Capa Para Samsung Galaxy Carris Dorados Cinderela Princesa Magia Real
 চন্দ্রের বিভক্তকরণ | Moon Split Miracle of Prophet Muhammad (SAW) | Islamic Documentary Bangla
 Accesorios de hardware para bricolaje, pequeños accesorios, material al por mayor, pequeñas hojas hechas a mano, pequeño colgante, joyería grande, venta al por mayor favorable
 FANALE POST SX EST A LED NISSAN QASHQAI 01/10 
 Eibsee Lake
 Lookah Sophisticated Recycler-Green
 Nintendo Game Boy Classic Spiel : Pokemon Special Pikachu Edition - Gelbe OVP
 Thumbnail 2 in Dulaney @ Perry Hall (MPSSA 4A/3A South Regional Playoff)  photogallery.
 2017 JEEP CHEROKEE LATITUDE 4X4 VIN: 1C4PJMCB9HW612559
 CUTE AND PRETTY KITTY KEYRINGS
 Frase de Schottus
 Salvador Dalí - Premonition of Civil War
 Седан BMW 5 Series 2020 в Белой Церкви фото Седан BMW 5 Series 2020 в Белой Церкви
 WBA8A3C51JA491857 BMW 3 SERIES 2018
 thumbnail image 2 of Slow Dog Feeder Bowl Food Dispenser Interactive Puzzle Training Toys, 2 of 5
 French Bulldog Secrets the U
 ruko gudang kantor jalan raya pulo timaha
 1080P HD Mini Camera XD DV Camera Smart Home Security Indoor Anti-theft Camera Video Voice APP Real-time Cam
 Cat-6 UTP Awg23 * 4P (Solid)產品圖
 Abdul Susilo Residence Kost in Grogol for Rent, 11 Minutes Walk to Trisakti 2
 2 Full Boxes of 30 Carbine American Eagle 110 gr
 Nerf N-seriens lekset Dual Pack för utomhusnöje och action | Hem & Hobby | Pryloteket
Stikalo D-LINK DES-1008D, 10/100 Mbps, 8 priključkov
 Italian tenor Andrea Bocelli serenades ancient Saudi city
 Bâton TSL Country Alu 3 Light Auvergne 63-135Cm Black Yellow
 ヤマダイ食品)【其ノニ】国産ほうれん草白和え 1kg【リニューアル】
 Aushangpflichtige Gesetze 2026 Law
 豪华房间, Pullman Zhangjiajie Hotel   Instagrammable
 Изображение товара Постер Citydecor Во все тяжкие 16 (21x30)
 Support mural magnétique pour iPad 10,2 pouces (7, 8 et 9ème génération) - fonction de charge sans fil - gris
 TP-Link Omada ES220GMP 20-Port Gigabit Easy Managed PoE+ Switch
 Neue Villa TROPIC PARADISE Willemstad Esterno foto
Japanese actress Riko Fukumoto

◆ ◆ ◆ ◆ ◆ ◆ ◆

→ **GOAL OF THE EXERCISE**: The reply should be a precise retyping of all the data.

→ **RESULT OF THIS EXERCISE**:
Capa Para Samsung Galaxy Carris Dorados Cinderela Princesa Magia Real
 চন্দ্রের বিভক্তকরণ | Moon Split Miracle of Prophet Muhammad (SAW) | Islamic Documentary Bangla
 Accesorios de hardware para bricolaje, pequeños accesorios, material al por mayor, pequeñas hojas hechas a mano, pequeño colgante, joyería grande, venta al por mayor favorable
 FANALE POST SX EST A LED NISSAN QASHQAI 01/10 
 Eibsee Lake
 Lookah Sophisticated Recycler-Green
 Nintendo Game Boy Classic Spiel : Pokemon Special Pikachu Edition - Gelbe OVP
 Thumbnail 2 in Dulaney @ Perry Hall (MPSSA 4A/3A South Regional Playoff)  photogallery.
 2017 JEEP CHEROKEE LATITUDE 4X4 VIN: 1C4PJMCB9HW612559
 CUTE AND PRETTY KITTY KEYRINGS
 Frase de Schottus
 Salvador Dalí - Premonition of Civil War
 Седан BMW 5 Series 2020 в Белой Церкви фото Седан BMW 5 Series 2020 в Белой Церкви
 WBA8A3C51JA491857 BMW 3 SERIES 2018
 thumbnail image 2 of Slow Dog Feeder Bowl Food Dispenser Interactive Puzzle Training Toys, 2 of 5
 French Bulldog Secrets the U
 ruko gudang kantor jalan raya pulo timaha
 1080P HD Mini Camera XD DV Camera Smart Home Security Indoor Anti-theft Camera Video Voice APP Real-time Cam
 Cat-6 UTP Awg23 * 4P (Solid)產品圖
 Abdul Susilo Residence Kost in Grogol for Rent, 11 Minutes Walk to Trisakti 2
 2 Full Boxes of 30 Carbine American Eagle 110 gr
 Nerf N-seriens lekset Dual Pack för utomhusnöje och action | Hem & Hobby | Pryloteket
Stikalo D-LINK DES-1008D, 10/100 Mbps, 8 priključkov
 Italian tenor Andrea Bocelli serenades ancient Saudi city
 Bâton TSL Country Alu 3 Light Auvergne 63-135Cm Black Yellow
 ヤマダイ食品)【其ノニ】国産ほうれん草白和え 1kg【リニューアル】
 Aushangpflichtige Gesetze 2026 Law
 豪华房间, Pullman Zhangjiajie Hotel   Instagrammable
 Изображение товара Постер Citydecor Во все тяжкие 16 (21x30)
 Support mural magnétique pour iPad 10,2 pouces (7, 8 et 9ème génération) - fonction de charge sans fil - gris
 TP-Link Omada ES220GMP 20-Port Gigabit Easy Managed PoE+ Switch
 Neue Villa TROPIC PARADISE Willemstad Esterno foto
Japanese actress Riko Fukumoto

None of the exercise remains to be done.